START DATA TO USE

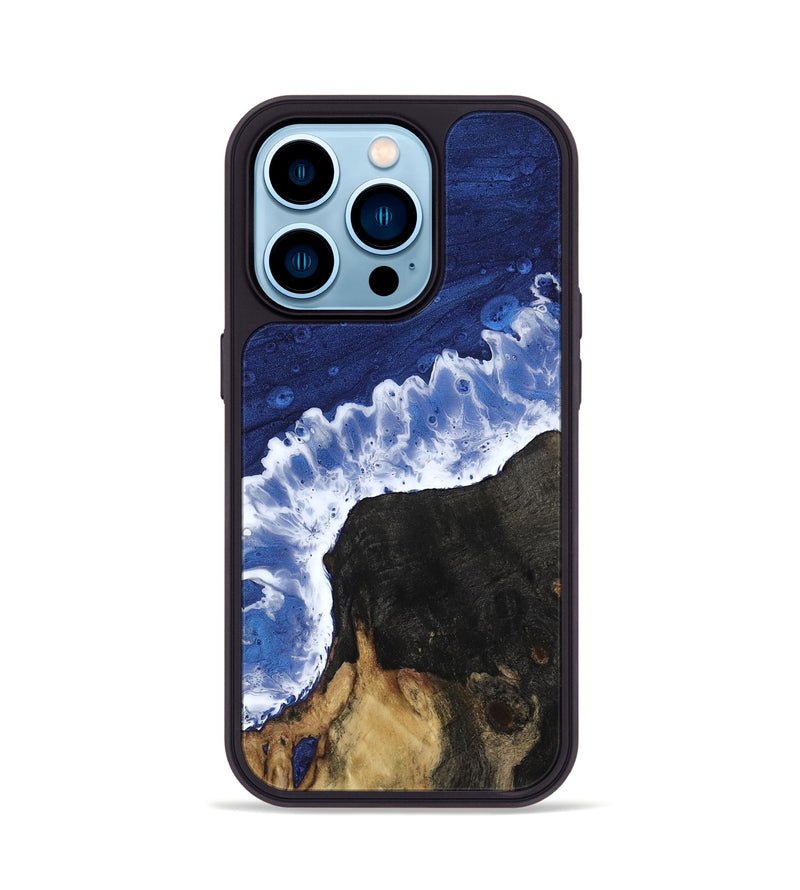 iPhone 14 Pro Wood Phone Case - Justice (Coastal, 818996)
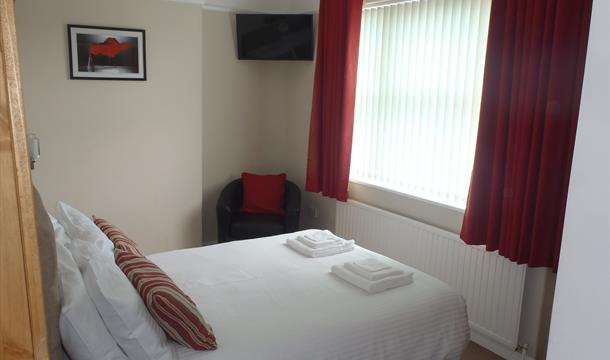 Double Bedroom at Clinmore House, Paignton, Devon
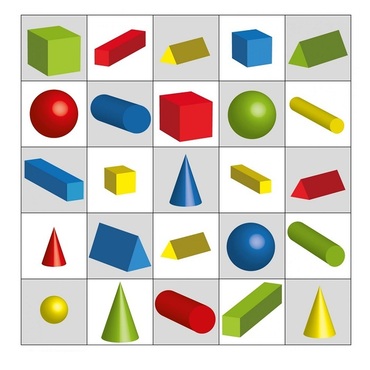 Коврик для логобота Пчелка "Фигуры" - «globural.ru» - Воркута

END DATA TO USE
START DATA TO USE

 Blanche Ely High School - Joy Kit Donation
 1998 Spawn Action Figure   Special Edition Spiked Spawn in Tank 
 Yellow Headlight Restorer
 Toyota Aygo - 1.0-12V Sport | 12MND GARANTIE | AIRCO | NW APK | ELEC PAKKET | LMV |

END DATA TO USE
START DATA TO USE

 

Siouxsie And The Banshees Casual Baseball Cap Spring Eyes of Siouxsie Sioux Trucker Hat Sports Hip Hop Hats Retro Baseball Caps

END DATA TO USE

EXERCISE AIM =
Here the job is to copy the listing above word for word, starting at the line with "iPhone 14 Pro" and ending at the line with "Коврик для логобота", and to leave out the pictures.

SOLUTION FOR THIS PROBLEM =
 iPhone 14 Pro Wood Phone Case - Justice (Coastal, 818996)
 Double Bedroom at Clinmore House, Paignton, Devon
 Коврик для логобота Пчелка "Фигуры" - «globural.ru» - Воркута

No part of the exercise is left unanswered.